I'd been all over the internet in an attempt to compile a list of suitable locations. Some websites I even got redirected to three times. It's amazing how difficult it is to locate independent websites amid the jungle of real estate portals and listings of serviced apartments way over my budget. It's even more difficult to find somewhere that will rent for just a month. A quick scour of Bangkok's well-known expat forums told the same story - finding good apartments near the sky-train for one month for under 30K isn't actually that easy.

I started off on Silom Road with some internet leads in the Soi Saladaeng and Soi Convent areas. Of the three I looked at, one had a lovely garden setting, a spacious coffee bar area but pokey rooms and no swimming pool. The second ticked almost all of the boxes but was slightly over budget and had lazy-looking staff. The third one didn't have any rooms available so I never got further than the reception desk. However, I lucked out with the fourth choice on my list - the Shangarila Suites, in the shadow of Chong Nonsri BTS - and I told them I loved the room but in time-honored fashion 'still had a few more to see'. Truth is I didn't. I headed up to lower Sukhumwit and from there my plan was just to walk up and down side-streets and keep my eyes peeled for bargains.

I started off with Sukhumwit soi 15. This soi is something of a nostalgia trip for me because the Manhattan Hotel is the very first place I stayed at when I came to Bangkok on a three-week package holiday in 1988. I popped my head in just for old time's sake and it was refreshing to see things hadn't changed. It was a three-star back then and although I'm no hotel inspector, you'd be hard pushed to give it a better rating now. The lobby hasn't seen a coat of paint for twenty years and the only addition to what I remember had been the installation of a scruffy internet corner with four computers that had been just plonked there rather than arranged with some sort of thought process. The taxi mafia still plies its trade just far enough away from the main entrance to stay out of trouble with the hotel management. The tailor's shop touts are younger but still just as irritating, and Yong Lee is still on the corner serving up overpriced food in the dirtiest restaurant imaginable. What is it about this part of Bangkok that always puts me in a bad mood?

I headed on to Sukhumwit 22 on the other side of the Asoke intersection. This is another place I have strong ties with having lived there for almost a year in the early 90's. From my balcony I actually watched the Imperial Queen's Park Hotel being built. It all seems so long ago. I cut through Washington Square and its mish-mash of badly-parked cars and dilapidated beer-bars to emerge in Soi 22 and its rows of massage shops. As far as the eye can see, if you're into foot massages then Soi 22 must be foot massage central.
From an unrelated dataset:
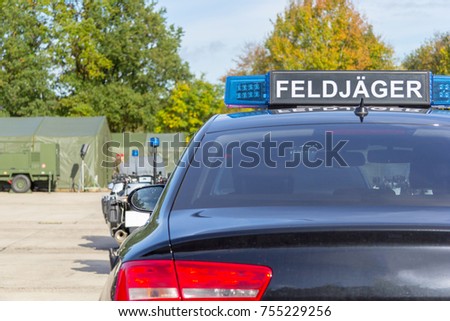 blue light bar from a civil feldjaeger, military police car
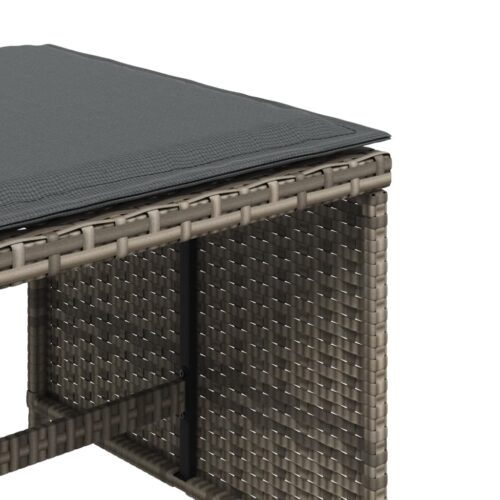 Outdoor Garden Stools Patio Ottoman Cushions Bench Seat 4pcs Grey 41x41x36cm - Image 9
Unfortunately not that many people are on a Tuesday afternoon so you're left with huddles of under-employed teenage girls and middle-aged women sitting outside their respective shops with little to do other than scoff noodles and beckon half-heartedly to passers-by. I ambled a few hundred metres up the soi, more out of duty than anything else, before deciding that Soi 22 held nothing for me. Getting accosted by the taxi mafia opposite the Imperial Queen's Park and being told that it was senseless to walk around Bangkok put the tin lid on it. I reached the mouth of the soi and vowed never to walk on its footpaths for as long as I shall live.
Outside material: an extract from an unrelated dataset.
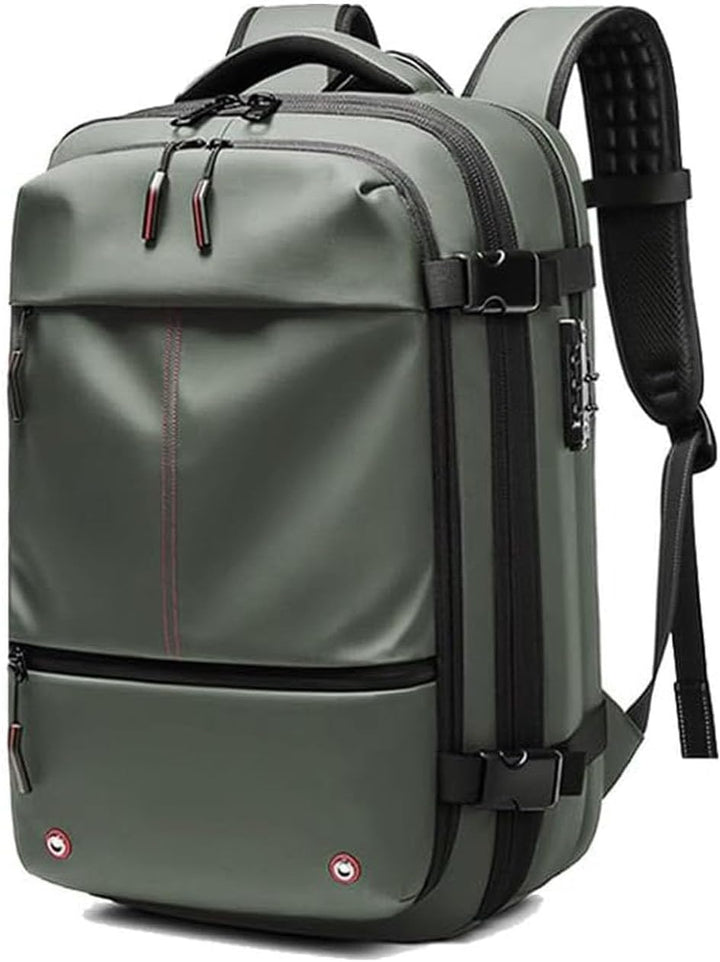 Unisex expandable travel backpack with anti-theft lock, ideal for trips & daily commutes.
It's about now (and it could have had something to do with the heavy pub lunch at The Robin Hood) that the energy levels dropped dramatically. I'd started off that morning with the best intentions - perhaps not a spring in my step but definitely looking forward to the day ahead - but now here I was seriously flagging. I'd been told that sois 36 and 39 were a hotbed of apartment rentals but I shuffled up both sois with the look of a man who knows when he's beaten. I aborted the mission and called the Shangarila Suites off Silom Road. 28,000 baht a month you say? With a swimming pool? And a washing machine! I'll take it.